(Data items)
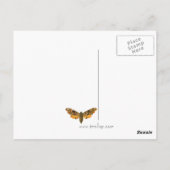 Carte postale Orange Marblé Moth (Dos)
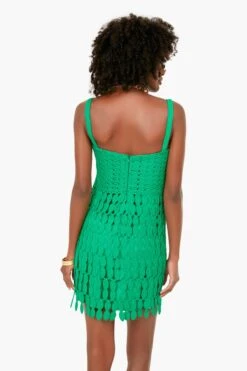 Parakeet Velies Dress -Loeffler Cloth Shop XDouScmav26mlUxlr6KhRC4nuSyyTnTZ 1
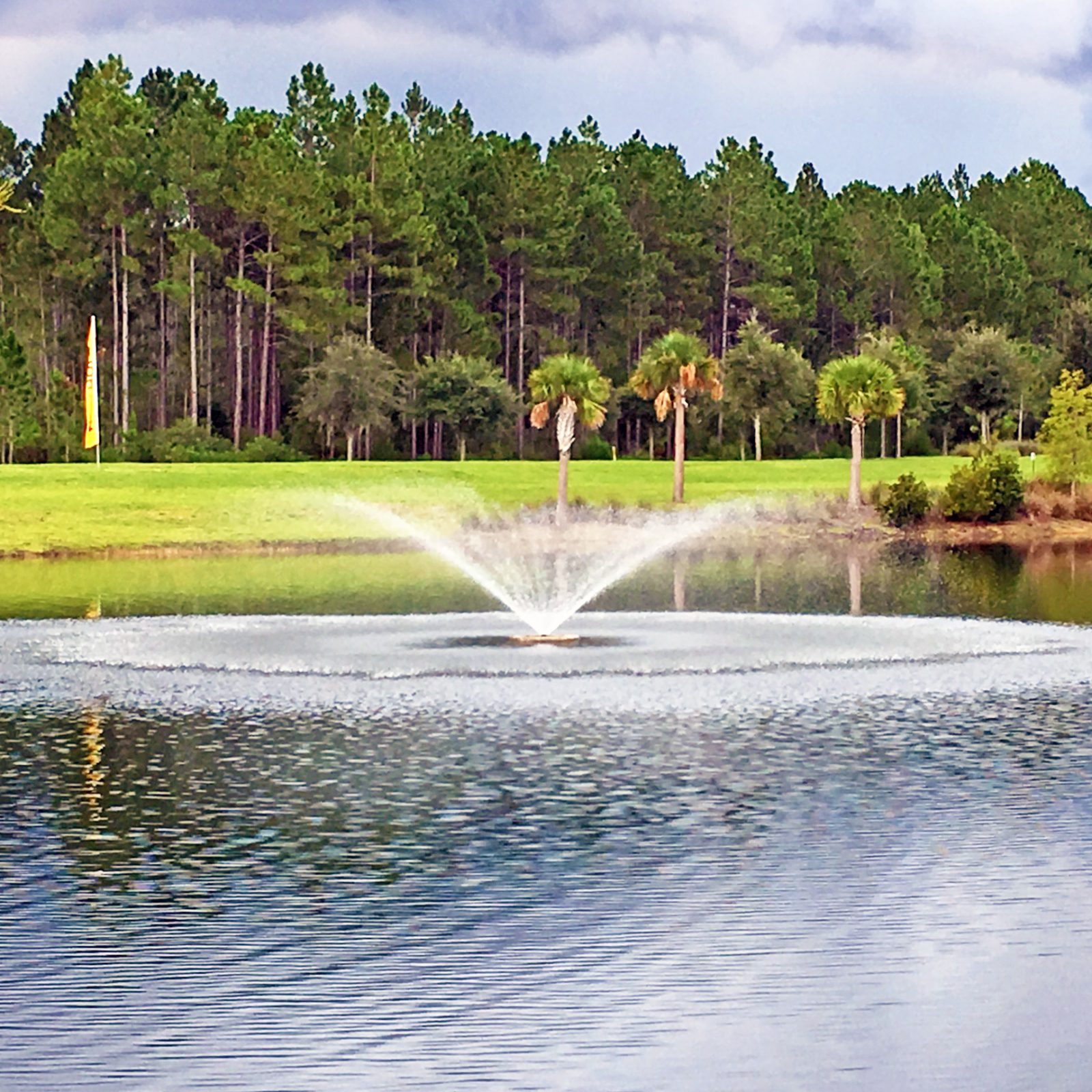 Vertical Pond Floating Fountain Series Vertex Aquatic Solutions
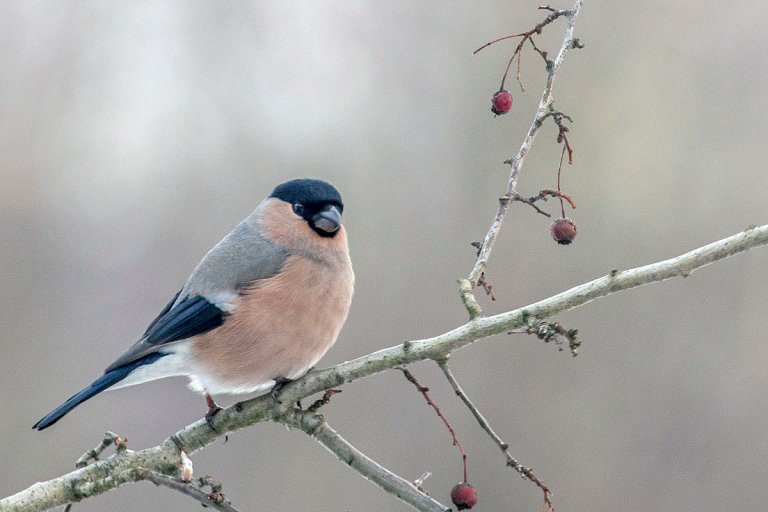 Bullfinch(js)_Lodz(Poland)09.jpg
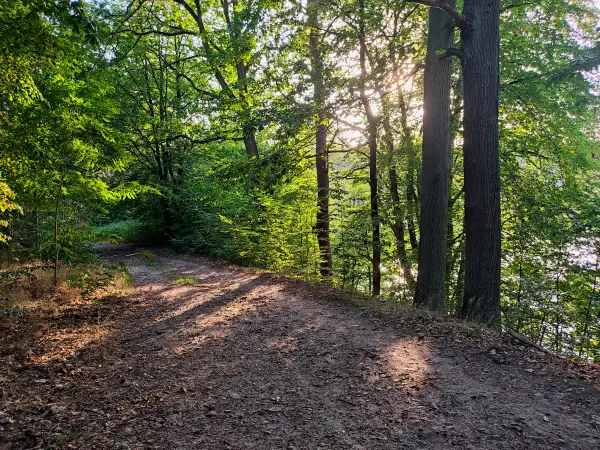 202309110-31 - Waldweg am Röblinsee bei Fürstenberg, Ruppiner Seenland, Brandenburg, Deutschland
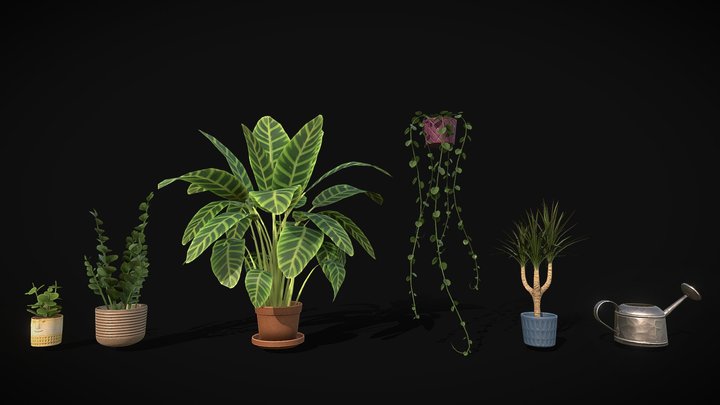 Sample Assets: Plants 3D Model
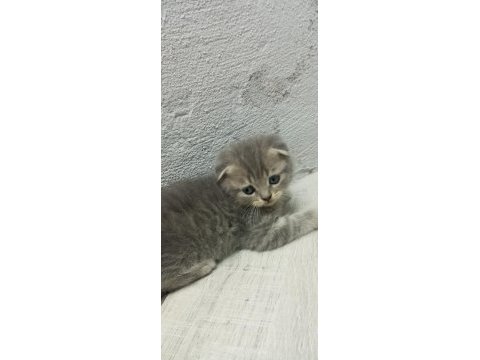 Yavru yeni mama yemeye başladı kedilerim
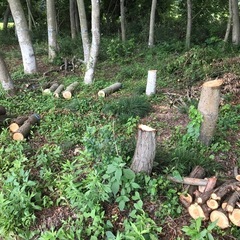 樹木の伐採作業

--- TASK GOAL ---
Write out, word for word, the line containing "Yavru yeni mama yemeye başladı kedilerim" and each line after it to the end of the data, and nothing more. Drop the pictures.

--- RESULT FOR THIS TASK ---
 Yavru yeni mama yemeye başladı kedilerim
 樹木の伐採作業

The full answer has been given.